Politics, Weather, Photography, and the Dog

Not getting it done

President Trump is, and has always been, a fraud. And now it may have caught up with him.

The man who claims to have written a book on negotiating couldn't get what he claimed was his first priority through a friendly Congress. Now Congress is no longer friendly. Josh Marshall concludes from this that "Trump cannot learn how to be President:"

Democrats were actually quite willing to fund the wall. They offered tens of billions of dollars for it, far more than they’re refusing to support now. But Trump had to give them DACA. He said he would but then refused, apparently because his most rage-driven advisors said it would make him weak, much as he was goaded into this shutdown by Coulter and Limbaugh. He’s weak in respect to his supporters who control him and manipulate him. It’s probably better to say that he couldn’t than he wouldn’t.

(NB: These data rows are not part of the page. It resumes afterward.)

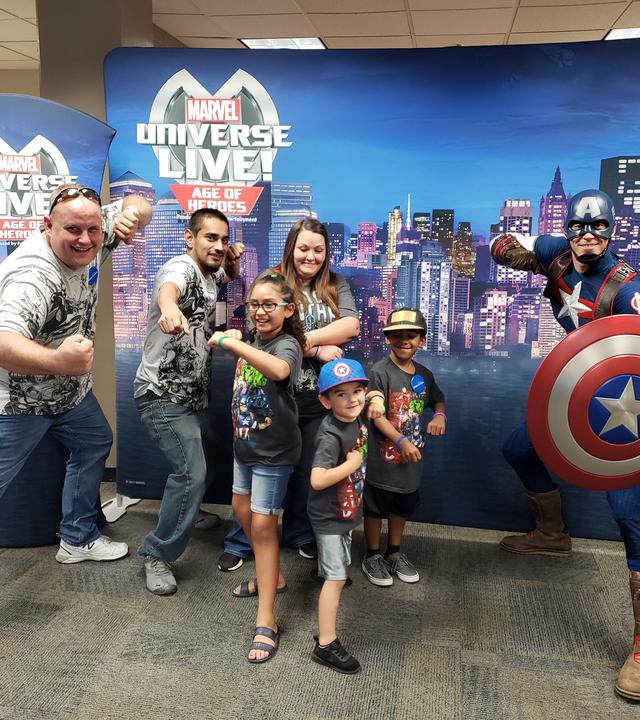 Volunteer Matt with wish kid posing with Captain America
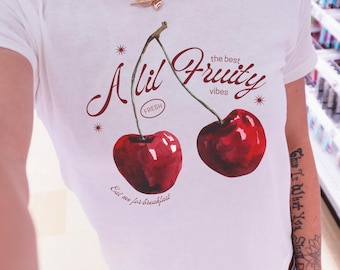 May include: White t-shirt with a cherry graphic. The design includes two red cherries, the text "A lil Fruity vibes", and the phrase "Eat me for breakfast". The shirt has a crew neck.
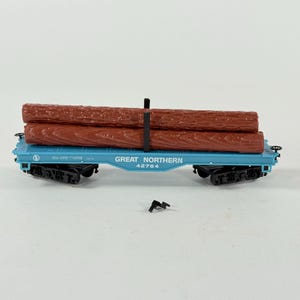 May include: A blue model train flatcar carrying two brown textured plastic logs secured by a black stake. The side of the car features the text GREAT NORTHERN 42764. A small detached black plastic component lies on the surface below the train car.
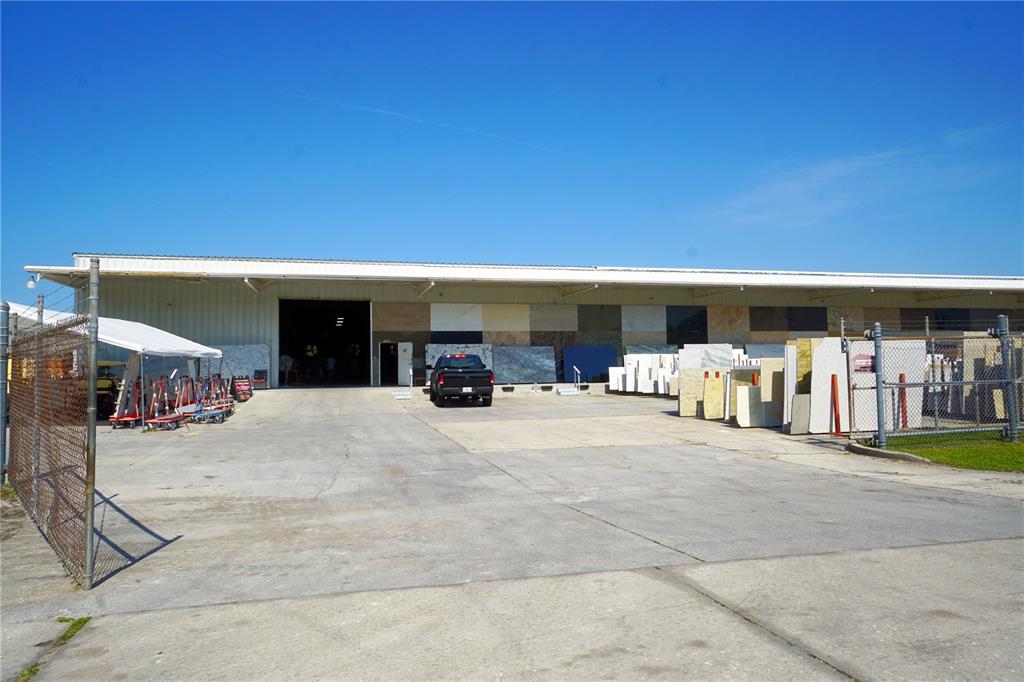 A large industrial warehouse exterior features a concrete lot with numerous stone slab displays — 4500 CARMICHAEL AVENUE UNIT Building 4, SARASOTA, FL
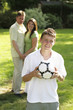 Teenage boy holding a soccer ball with his parents standing in the background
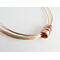 Three mixed metal bangles of sterling silver, 14K gold filled and copper with a copper spinner bead with sterling silver rings.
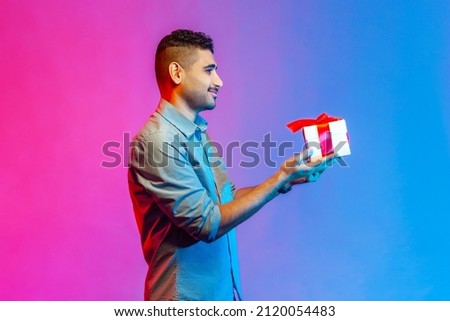 Side view of positive delighted man in shirt standing giving gift box, smiling looking friendly and generous, charity. Indoor studio shot isolated on colorful neon light background.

There were a number of red state Democrats who were quite ready to make deals and the entire Democratic caucus would have in exchange for something they wanted. But he couldn’t do it. He can only dictate. This shouldn’t surprise us. He couldn’t manage to get Obamacare repealed, even by the 50 vote standard, one in which he needed only Republican votes, even though Republicans had campaigned on doing just that for almost a decade. That’s a remarkable level of governance failure.

And now he's discovering that his self-lauded negotiating skills just don't seem to work:

Trump’s approach is a hallmark of a president who eschews strategic planning and preparation in favor of day-to-day tactical maneuvering and trusting his gut. But as he digs in against an emboldened Democratic opposition, Trump has found that his go-to arsenal of bluster, falsehoods, threats and theatrics has laid bare his shortcomings as a negotiator — preventing him from finding a way out of what may be the biggest political crisis of his presidency.

White House allies professed confusion over the president’s tactics. Trump aides initially signaled he would support a continuing resolution from Congress to fund the government through early February, but the president reversed course in the face of intense criticism from conservative talk show hosts and border hawks.

As James Fallows said:

Give me a lever that is long enough, and I can move the world, Archimedes is supposed to have said. We now have a Coulter corollary, descended perhaps from Iago and Lady Macbeth. It is: Give me a man who is weak enough, and I can taunt him into anything.

We're still 10 days away from the half-way point of this administration. Heaven help us all.